O olhar cirúrgico que se formou ao redor de empresas que trabalham com moda, beleza e bem-estar é resultado direto de uma construção que elas próprias fizeram, durante anos e anos, baseada em estereótipos de ordem fortemente preconceituosa e reducionista. Muitas delas ainda correm atrás do prejuízo com discursos que soam, a um olhar mais atento, bem forçados, e, de tão forçados, às vezes saem pela culatra. Faz parte do jogo. Dove se desculpou rapidamente e segue em frente, empunhando o título incontestável de ter sido a primeira marca no cenário a falar de real beleza e de autoestima feminina, lá atrás, muito antes que Always, por exemplo. Só cometem erros assim marcas que estão tentando. Por outro lado, os erros refletem que algo ainda se mantém fora da ordem, e precisa de ajustes mais aprofundados. Mudanças culturais demandam muito esforço, e uma (re)composição minuciosa. Há pessoas demais envolvidas, de origens diversas, misturadas, muitas delas buscando acertar depois de anos e anos e anos trabalhando do mesmo jeito, repetindo padrões: criando e/ou aprovando estereótipos brancos, magros e “seguros” em campanhas publicitárias, por exemplo.

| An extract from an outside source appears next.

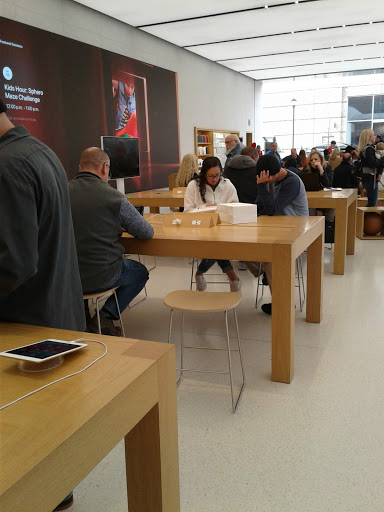 Computer Store «Apple Avalon», reviews and photos, 8130 Avalon Blvd, Alpharetta, GA 30009, USA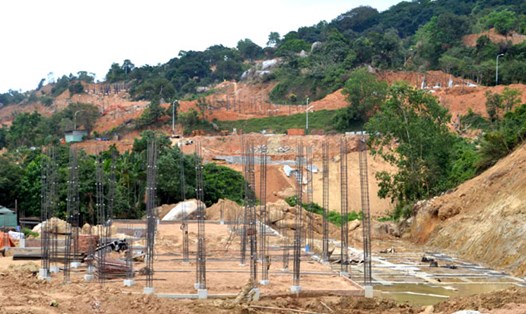 Vị trí xây dựng 40 nền móng biệt thự trên núi Sơn Trà đang trước nguy cơ sạt lở nặng trong mùa mưa. Ảnh: Thanh Hải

Ao contrário do passado, no cenário atual nada mais passa batido. Mas os ajustes vão sendo feitos aos poucos, sofrendo as consequências de uma incomensurável carga arquetípica herdada, geração após geração, de um passado em que nenhum de nós sequer sonhava em existir. Quem pensaria, anos atrás, em marcas de roupas revendo seus (pre)conceitos e repensando cores e modelagens em coleções infantis? Ou fabricantes de brinquedos modificando aquilo que historicamente rotularam para esse ou aquele gênero? Quem pensaria na marca Natura apoiando publicamente uma campanha da Avon, que discute o valor e o significado dos “elogios”? Quem pensaria que grifes de moda e de beleza francesas agora precisam lidar com leis que proíbem o uso inadvertido do photoshop para corrigir o corpo de suas modelos. Caminhamos um bocado. Mas essa é uma (re)construção como talvez nenhuma outra na história da nossa indústria.

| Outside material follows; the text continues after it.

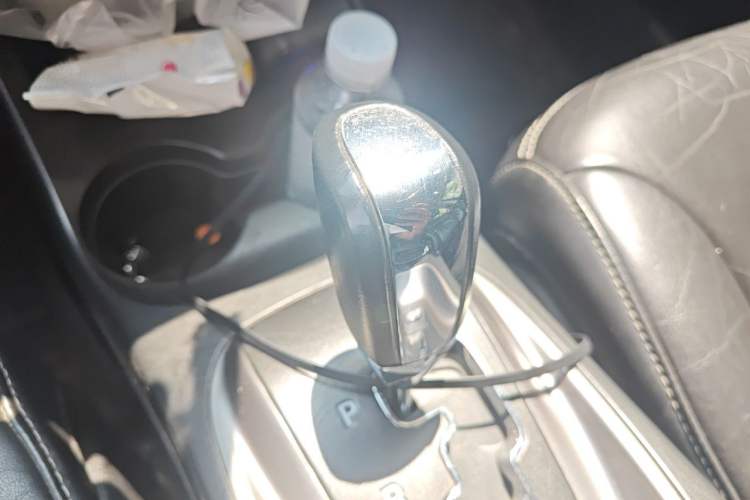 Used Dodge Journey 2014 2.4L Two-Wheel Drive Touring Edition Gear Lever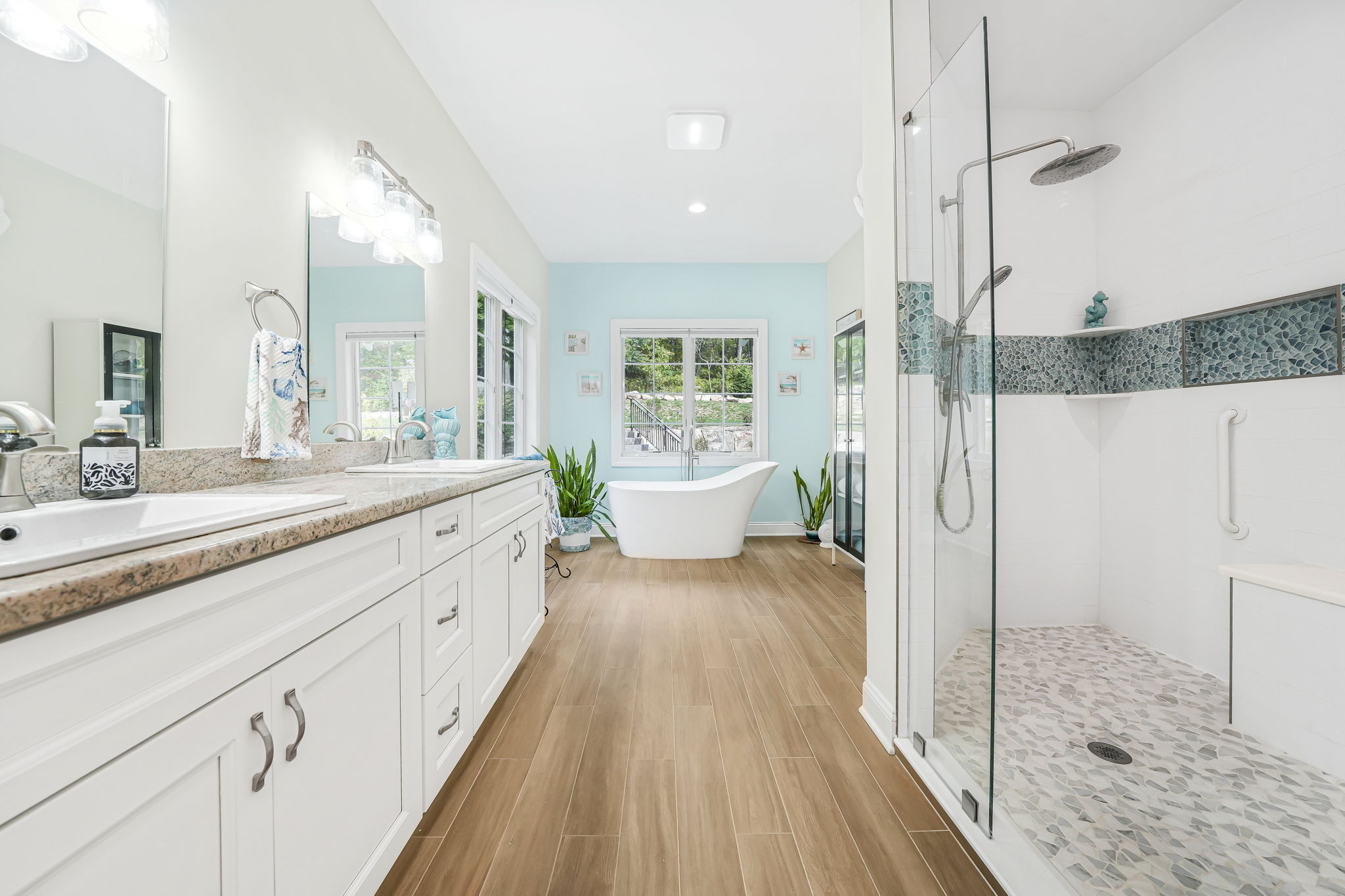 Montville, New Jersey, 07045, United States, 4 Bedrooms Bedrooms, ,4 BathroomsBathrooms,Residential,For Sale,1974923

Por fim, não posso deixar de registrar aqui uma mancada talvez irreversível, de uma marca que sempre morou no lado esquerdo do meu peito, que muitos desenham como uma linda maçãzinha colorida. A Apple vem gradativamente perdendo a majestade, porque se descola cada vez mais daquilo que a fez tão grandiosa: a experiência – para muito além da beleza. Ao propor que seu cliente atualize incessantemente seus devices, e constantemente abandone os antigos por novos a preços cada vez mais salgados e vantagens cada vez menos reconhecíveis, a Apple cansa e frustra até seus fãs mais apaixonados. O que se vê é uma triste debandada para marcas que aprenderam um bocado do alto de seus segundos e terceiros lugares. Não há perdão no mundo real e palpável das experiências.